Quizá en el futuro la mayoría de los críticos situaran la génesis del opus magnum en la lectura emocionada que de la Commedia dantiana realizó en el verano de sus dieciocho años. No era - no podía ser - su intención negar el influjo que el grandioso poema había ejercido sobre la concepción general de su obra, pero no creía pecar de arrogancia al afirmar que esta influencia había operado más en el sentido de una cristalización de materiales preexistentes que en el de una revelación del todo novedosa. Desde niño había poseído algo que, a la espera de que los futuros estudiosos de su evolución artística acuñaran un término más preciso, se atrevía a denominar como "pensamiento mistérico". Este hecho, apoyado en una sensibilidad baudelairiana para las manifestaciones más extremas de la dualidad humana, y unido a su educación religiosa en el colegio de los padres Escolapios del madrileño barrio de Aluche, habían creado el fermento creativo al que la rigurosa arquitectura del florentino había prestado forma.
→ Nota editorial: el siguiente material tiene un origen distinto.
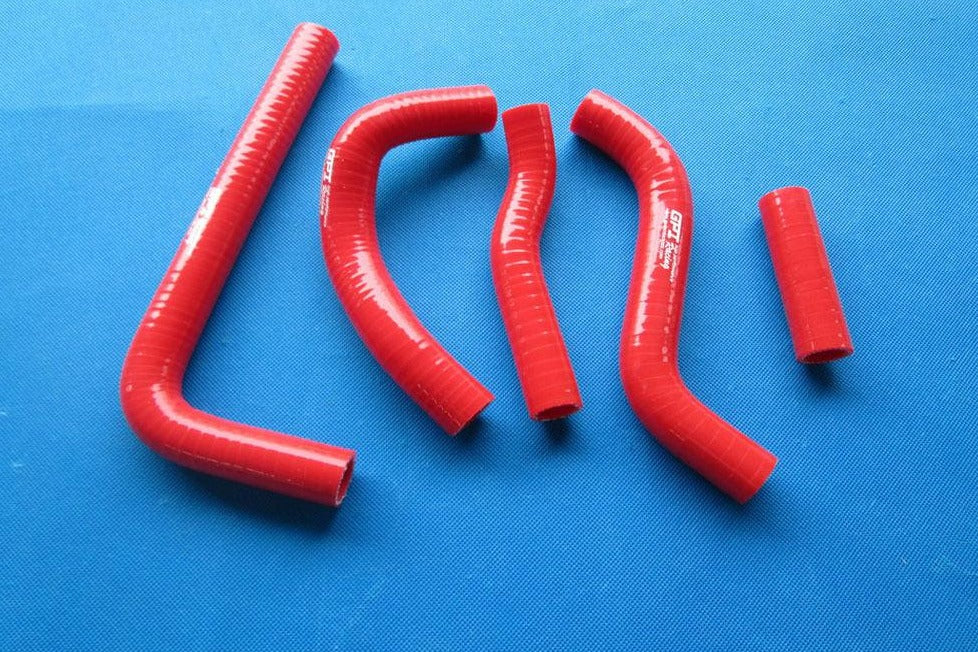 NEW Silicone Radiator Hose Kit for Suzuki RMZ250 RMZ 250 2010 2011 2012 10 11 12 - CHR Racing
Desde luego no era cuestión de calcar un molde que, si bien había respondido con admirable justeza a la Weltanschaung medieval, mal podía casar con la complejidad de la época en la que le había tocado vivir. La inversión literal y metafísca del parcorso dantiano, que, bajo una mirada superficial, podía aparecer como un frívolo ejercicio de reescritura posmoderna, se le había impuesto de manera natural, como una emanación directa de su propia sensibilidad. Se trataba en efecto de convertir el ascensus del poeta en una caída desde el cielo hasta el infierno que representara la desorientación moral y la profunda nostalgia del paraíso perdido que creía sintomáticas de su mundo. Aspiraba, ni más ni menos, con la legítima ambición que dan el talento y una voluntad inquebrantable, a restaurar la unidad perdida entre la poesía y las otras disciplinas de la episteme occidental, con la esperanza de reconstruir el espejo del Todo en el que el despedazado hombre contemporáneo pudiera por fin aprehenderse y reconciliarse consigo mismo.
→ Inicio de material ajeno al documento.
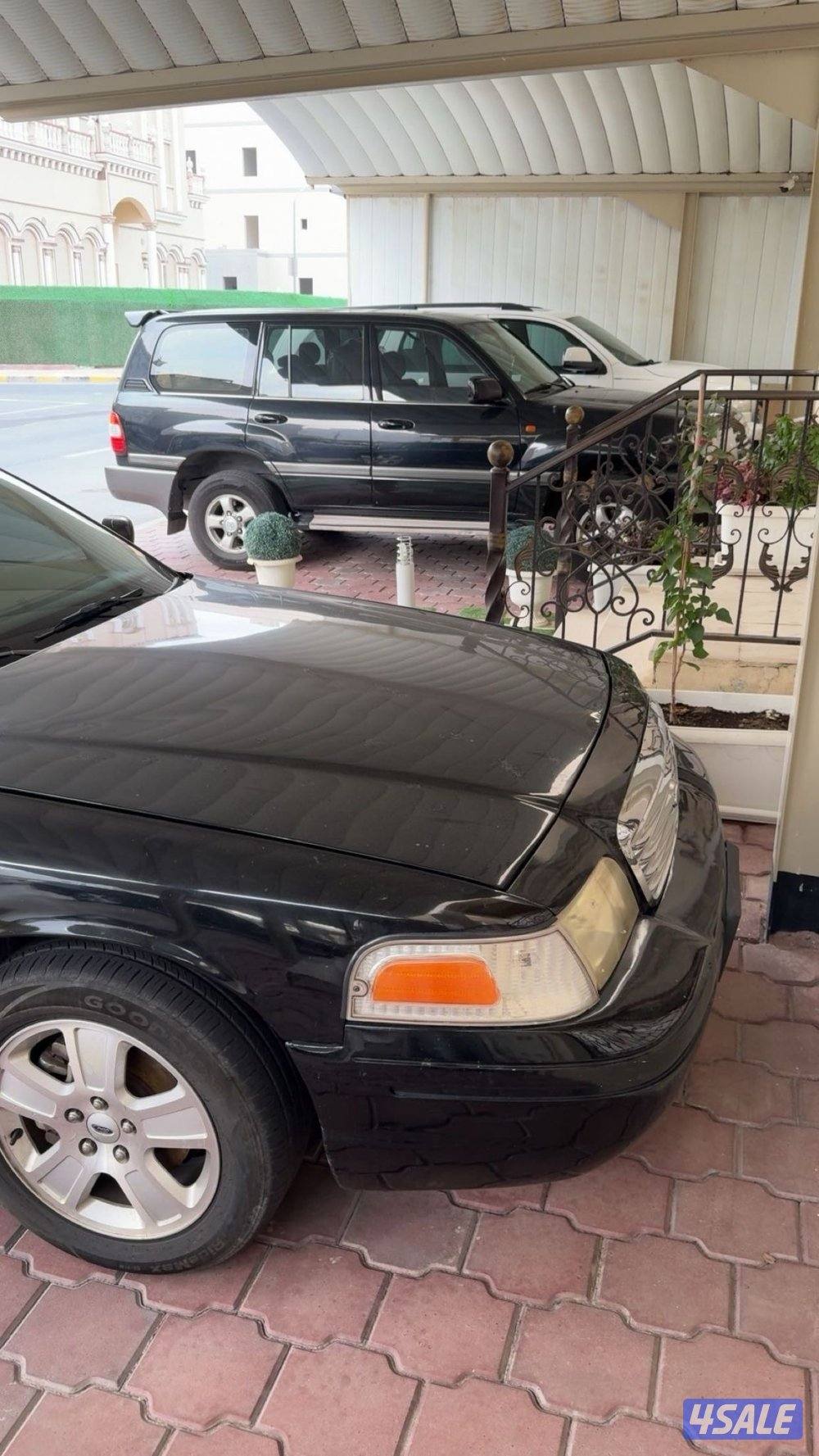 شرط الفحص او البدل مع وانيت جمس او شفر1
Desde un primer momento comprendió que la tarea que se había impuesto iba a exigir de él plena dedicación y que no existía ninguna garantía de que pudiese ser completada en el breve lapso de una vida humana. Pero sería faltar al ardor de su vocación insinuar siquiera que se le ocurriera la posibilidad de la renuncia. La Tragedia, como la llamó para facilitar la rotulación de las carpetas donde empezó a hacer acopio de materiales, se le impuso como se nos imponen la muerte y el amor digno de tal nombre.
La precipitación fue quizás el error que menos le costó evitar. Decidido como estaba a dotar su obra de la mayor densidad sociológica y vital, descartó de antemano cualquier tentación de abandonarse al apasionamiento de la juventud. Solo cuando hubiera alcanzado un grado suficiente de madurez intelectual estaría en condiciones de abordar la redacción definitiva. En los años en que muchos cosechan premios y admiradores con creaciones efímeras, él se consagró a aumentar su ya de por sí sólida cultura y a esbozar versos que únicamente bajo el discernimiento de su plenitud creativa habrían de encontrar su expresión final.
Sólo quien no conozca el talante inconformista de todo temperamento genuinamente artístico podría pensar que, a lo largo de todos esos años, el proyecto original de la Tragedia permaneció inalterado. Si en principio los tercetos encadenados del original dantiano le habían parecido la mejor opción por lo que tenían de inusual y de reciamente expresivo, pausadas meditaciones y fructíferos intercambios verbales con amigos escritores le inclinaron a considerar la prosa como el mejor vehículo para hacer palpitar el Zeitgeist en su epopeya filosófica. El cambio obedecía a la misma razón por la que, tras la lectura pública de algunos fragmentos ante un público escogido, representativo de las más avanzadas tendencias de su época, y no sin ciertas vacilaciones, decidió suprimir el Purgatorio y abreviar al máximo el Paraíso como parte del itinerario de su personaje: se trataba ante todo de alejarse lo más posible de una imitación servil del modelo clásico y de construir un equivalente que, sin perder un ápice de su profundidad, respondiese a las complejas realidades del presente.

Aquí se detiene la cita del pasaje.